When the data below is printed, every line must match exactly and the images must be absent.

--- Data under study Enclosed Below ---

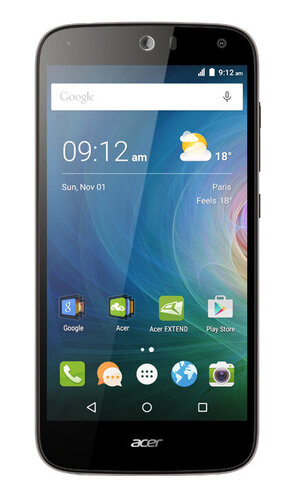 Περισσότερες πληροφορίες για "Acer Liquid Z630S (Μαύρο, Χρυσό/32 GB)"
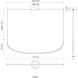 Talis LED 47.25 inch Black Linear Pendant Ceiling Light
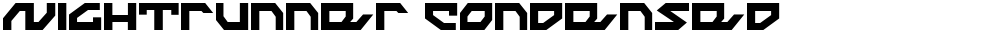 Nightrunner Condensed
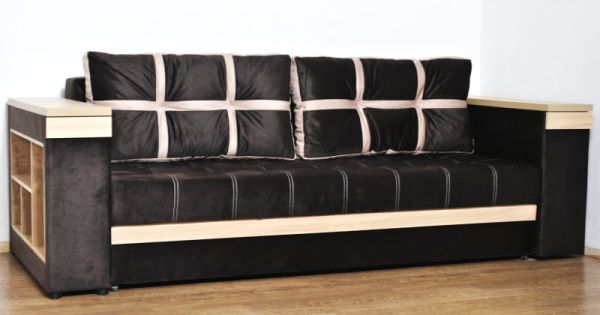 Софа Элегант плюс (ниша + полки + столик) - 89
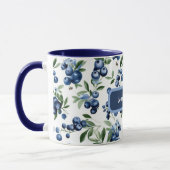 Mug de bleuets personnalisable (Gauche)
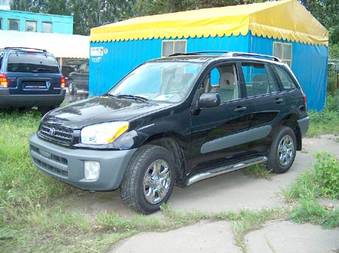 2001 Toyota RAV4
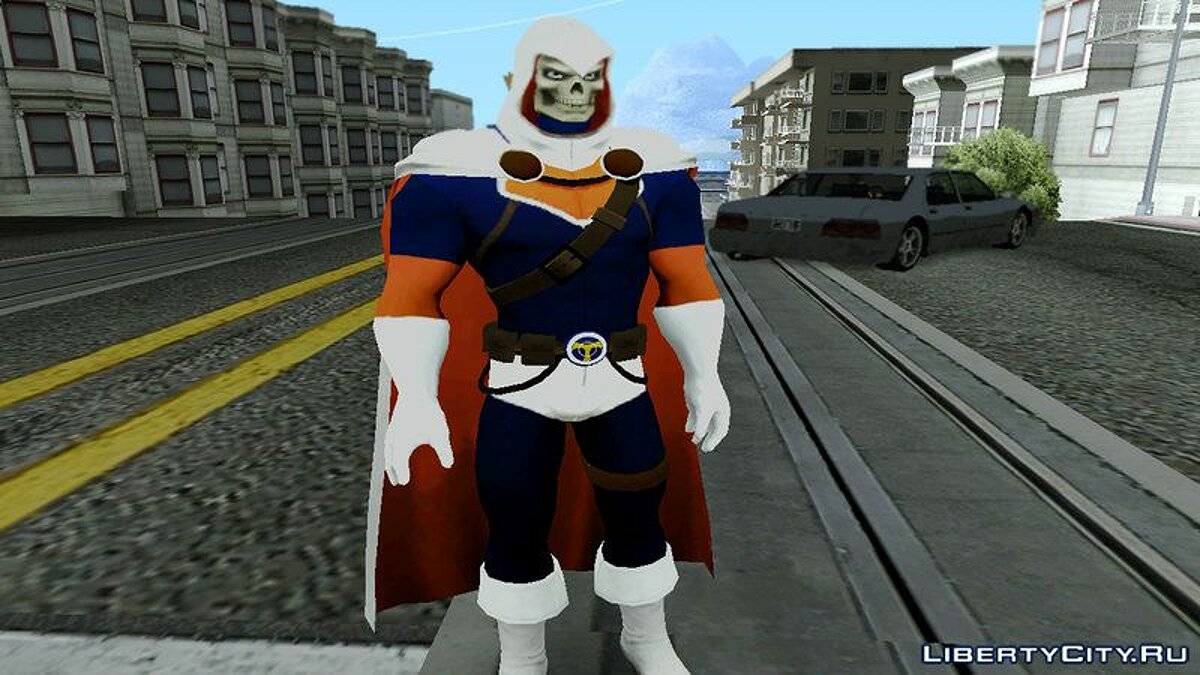 Скачать Marvel Heroes - Taskmaster для GTA San Andreas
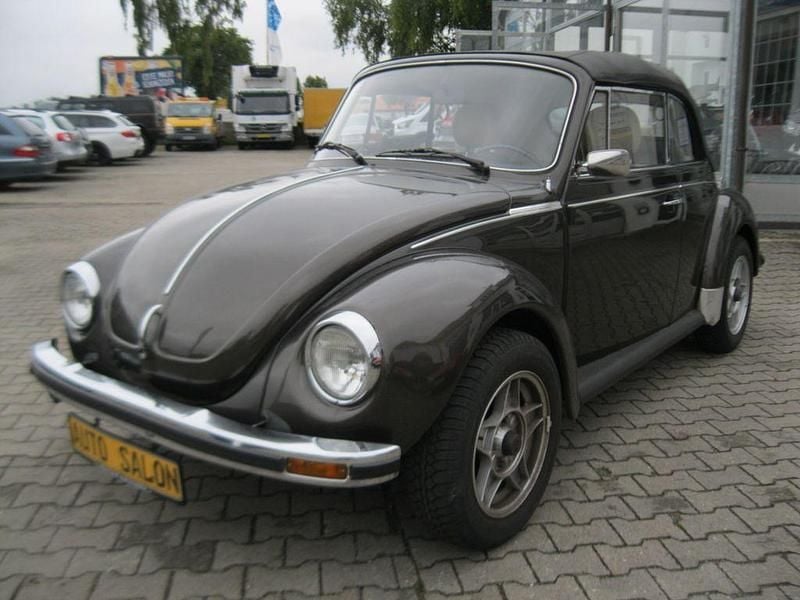 Braun Gebraucht 1977 VW Käfer Cabrio | 19.980 € - Bild 1/4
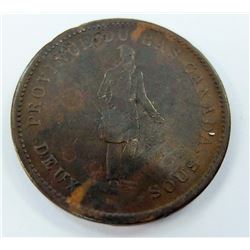 CANADA TOKEN-LC 9C1 1837 VF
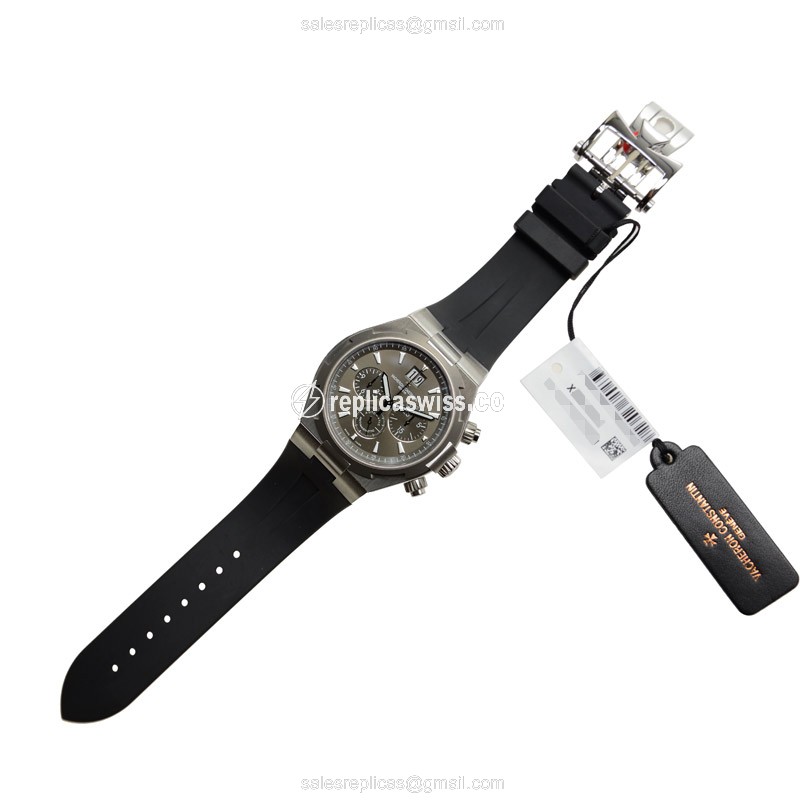 Vacheron Constantin Overseas Replica - Automatic Steel Grey - View 2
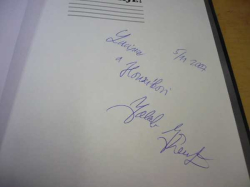 Dáša Radimovská - Walda žije! (2007) PODPIS AUTORA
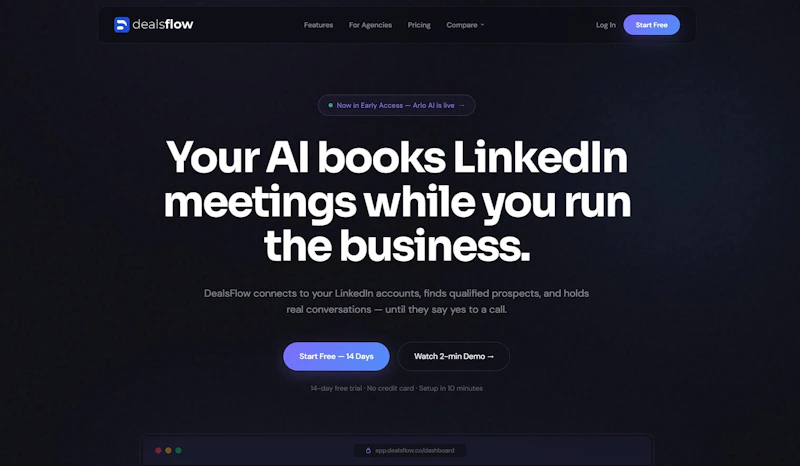 Dealsflow screenshot 1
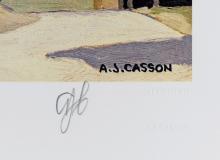 A.J. CASSON PRINT SET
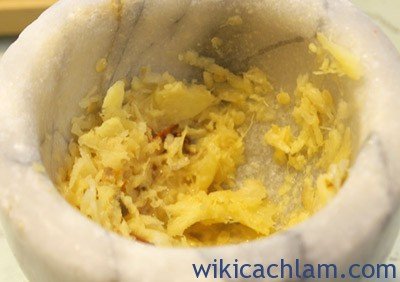 Cách nấu vịt kho măng tây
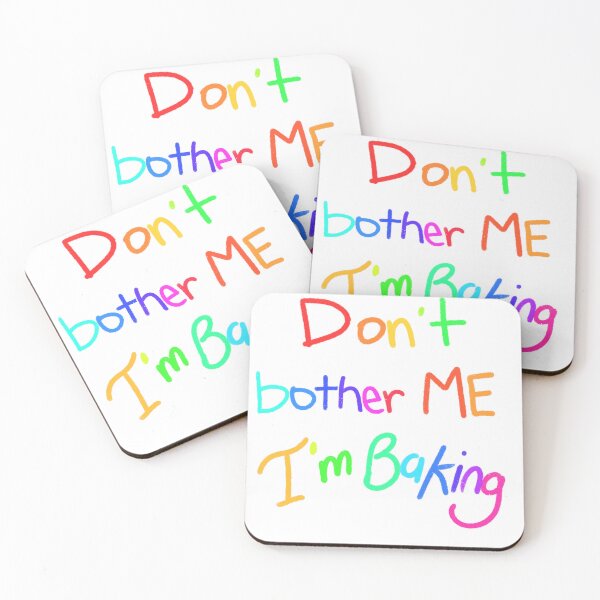 Item preview, No me molestes, estoy horneando designed and sold by LisaMichelleArt.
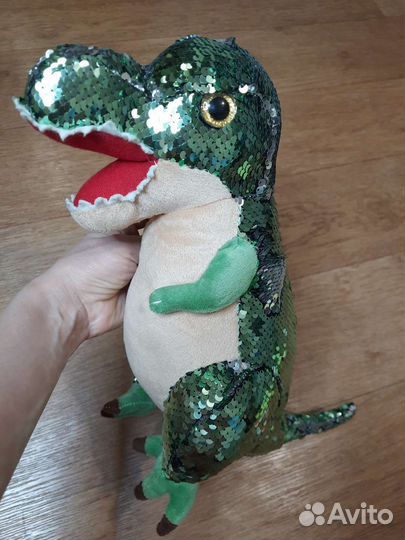 Динозавр Рекс, мягкая игрушка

--- End of Enclosed Data under study ---

• **Written response**
 Περισσότερες πληροφορίες για "Acer Liquid Z630S (Μαύρο, Χρυσό/32 GB)"
 Talis LED 47.25 inch Black Linear Pendant Ceiling Light
 Nightrunner Condensed
 Софа Элегант плюс (ниша + полки + столик) - 89
 Mug de bleuets personnalisable (Gauche)
 2001 Toyota RAV4
 Скачать Marvel Heroes - Taskmaster для GTA San Andreas
 Braun Gebraucht 1977 VW Käfer Cabrio | 19.980 € - Bild 1/4
 CANADA TOKEN-LC 9C1 1837 VF
 Vacheron Constantin Overseas Replica - Automatic Steel Grey - View 2
 Dáša Radimovská - Walda žije! (2007) PODPIS AUTORA
 Dealsflow screenshot 1
 A.J. CASSON PRINT SET
 Cách nấu vịt kho măng tây
 Item preview, No me molestes, estoy horneando designed and sold by LisaMichelleArt.
 Динозавр Рекс, мягкая игрушка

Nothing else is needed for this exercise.